Father of Otto Warmbier will attend Olympic Opening Ceremony with Pence
Posted February 4, 2018 7:01 p.m. EST
Updated February 4, 2018 9:40 p.m. EST
(CNN) — The father of the late Otto Warmbier, an American student who was jailed in North Korea, will attend the Olympic opening ceremony in Pyeongchang, South Korea.
Fred Warmbier will attend as the guest of Vice President Mike Pence, The Washington Post reported Sunday. His son died last year upon his return to the United States after having suffered extensive brain damage. The Warmbiers also attended the State of the Union as guests of President Donald Trump and first lady Melania Trump.
Warmbier has spoken to CNN about his son's detainment and death, saying Otto was "on his deathbed" when he returned to the United States.
"Otto was systematically tortured and intentionally injured by Kim Jong [Un] ... Kim, and his regime. This was no accident," he told CNN in September.
Otto Warmbier died in Ohio in 2016 shortly after being released from 17 months in a North Korean prison.
Warmbier was taken into custody by North Korean authorities during a five day sightseeing tour of the reclusive state, who accused him of stealing a political poster from a restricted floor on his hotel.
He was sentenced to 15 years of hard labor.
When Otto arrived back in the United States he was in a persistent vegetative state. North Korea claimed he had contracted botulism while in prison.
Pence will deride any notion of normalizing North Korea's relationships with the outside world while he leads the US delegation at the Winter Olympics this week, a Pence aide told Axios on Sunday.
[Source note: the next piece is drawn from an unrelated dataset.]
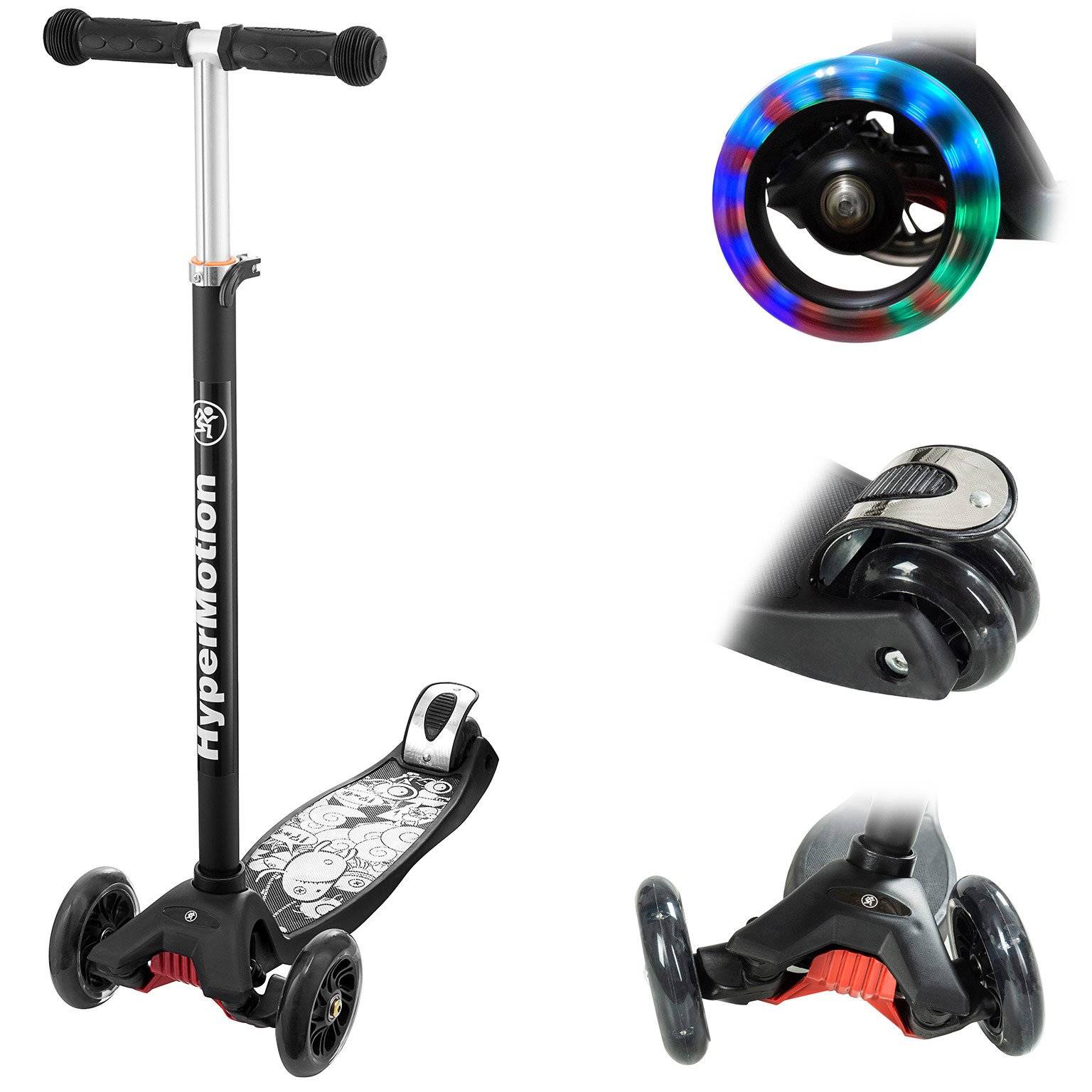 Dreirad-Balance-Roller ALAMO – schwarz + LED-Räder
"The Vice President will remind the world that everything the North Koreans do at the Olympics is a charade to cover up the fact that they are the most tyrannical and oppressive regime on the planet," the aide told Axios, adding that "at every opportunity, the VP will point out the reality of the oppression in North Korea by a regime that has enslaved its people. We will not allow North Korea's propaganda to hijack the messaging of the Olympics."